Von Sabine Scholz 31.05.2012, 05:21

Verhüllt von hellen Planen, verbirgt das Kolpinghaus in der Dominikanerstraße den Blick auf das geschäftige Treiben in seinem Inneren. Bis zum Spätsommer soll die Sanierung abgeschlossen sein.

Halberstadt l Die Passanten blicken auf helle Planen. Die Bauleute auch. Nur, dass diese im Gebäude stehen und nicht davor. Ganze Wandteile fehlen zurzeit in der Fassade des Kolpinghauses in der Dominikanerstraße. "Das Fachwerk ist doch stärker geschädigt als es unsere ersten Untersuchungen vermuten ließen", sagt Markus Feußner. Der Geschäftsführer des Kolping Berufsbildungswerkes Hettstedt weiß auch, dass durch die massiven Schäden im Holz die ursprünglich geplante eine Million Euro an Sanierungskosten nicht reichen wird. "Wir werden wohl 15 Prozent drüber liegen", sagt Oliver Flügel. Der Hettstedter Architekt betreut die Sanierung, die in Zeitverzug geraten ist. "Das wollen wir wettmachen, indem mehrere Gewerke gleichzeitig zum Einsatz kommen. Nur an einigen Stellen funktioniert das nicht", erklärt Flügel beim Rundgang durch das Haus.

Auf allen Etagen wird gehämmert, gesägt, gelötet, gegipst. Die Hettstedter haben sich mit der Zimmerei Adams eine Fachfirma ins Boot geholt, die nicht nur über das notwendige Wissen in der Holzsanierung verfügt, sondern "zum Glück auch ausreichend Vorrat an trockenen Eichenbalken hat", berichtet Feußner. Denn anders als ursprünglich vorgesehen, müssen ganze Balken, Schwellhölzer und Dielungen ausgetauscht werden.

Im Dachgeschoss, in dem ab Spätsommer zwei Maisonnettewohnungen zur Vermietung zur Verfügung stehen sollen, fehlt eine ganze Ecke in der Fassade. Ein neuer Balken steht schon, an anderen Stellen sichern Stützen das tragende Gebälk. "Wir haben drei Gutachten zum Zustand des Hauses machen lassen, und mit jedem wurde das erfasste Schadensbild größer. Zu Anfang sind wir zu optimistisch an das Projekt gegangen", sagt Feußner rück- blickend. "Aber bei alten Häusern ist das ja oft so, das weiß man erst, was einen erwartet, wenn überall der Putz runter ist und man die gesamte Fachwerkkonstruktion sieht."

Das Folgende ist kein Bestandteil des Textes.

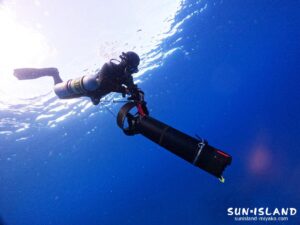 Iさん 水中スクーター持参でのダイビング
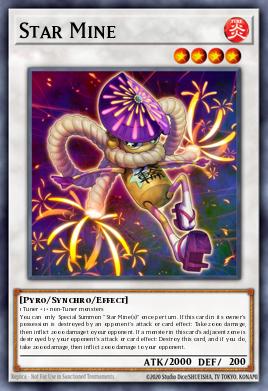 Star Mine Yu-Gi-Oh card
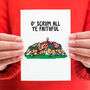 Funny Rugby Christmas Card, thumbnail 1 of 4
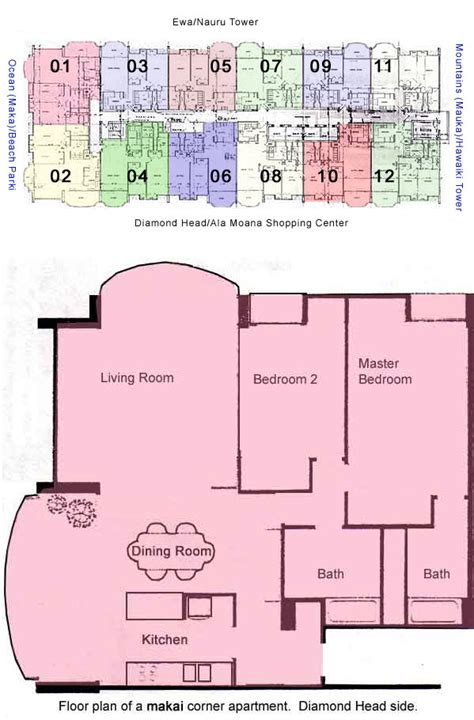 Ala Moana Hotel Floor Plan Floor Roma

Zum Glück sei das Holz von Schwammbefall verschont geblieben, doch verschiedene Insekten haben so manchen Eichenbalken in weiches Gebrösel verwandelt. "An einigen Stellen war die Standsicherheit in Gefahr", erklärt Flügel, "auch weil bei der Sanierung Ende der 1980er Jahre Fehler passiert sind."

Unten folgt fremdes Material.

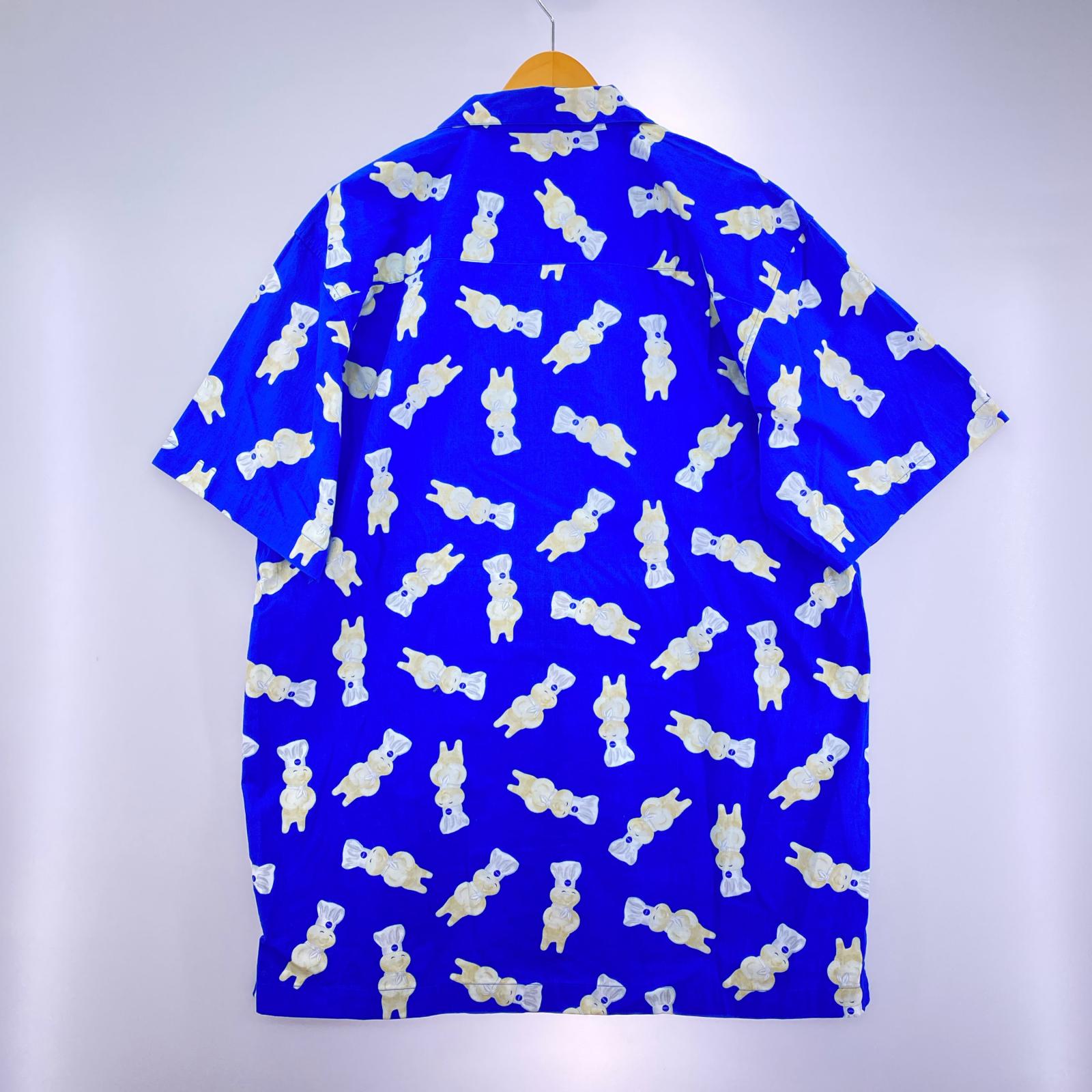 長袖シャツ Pillsbury ドゥボーイ 総柄シャツ L ブルー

Einige Balken an der Fassadenseite tragen Reste von Bauschaum, mit denen die Fenster eingepasst wurden - ein Material, das sich nicht gut mit dem Holz verträgt Es kann die Bewegungen des Materials nicht mitmachen, irgendwann gibt es Risse. Auch das von außen sichtbare Balkenwerk im Giebel wird es künftig nicht mehr geben. Da stand immer das Wasser auf dem Holz, was dem Bau schadete. "Wir wollen hier eine Sanierung, die langfristig den Erhalt der Fachwerkkonstruktion sichert. Deshalb werden wir zum Beispiel auch wieder Lehm einsetzen oder Hanf als Dichtmaterial", erklärt der Architekt. Er berichtet zudem von einem komplett neuen Werkstoff, der von einer Firma in Zusammenarbeit mit der Technischen Universität Dresden ent- wickelt wurde. "Das Kolpinghaus in Halberstadt wird ein Referenzobjekt für diesen Baustoff werden. Das betrifft vor allem das Problem der Innendämmung von Fachwerkhäuser, da können Sie nicht einfach irgendwelches Dämmmaterial nutzen". Die Uni in Dresden begleitet die Fassadensanierung deshalb auch wissenschaftlich.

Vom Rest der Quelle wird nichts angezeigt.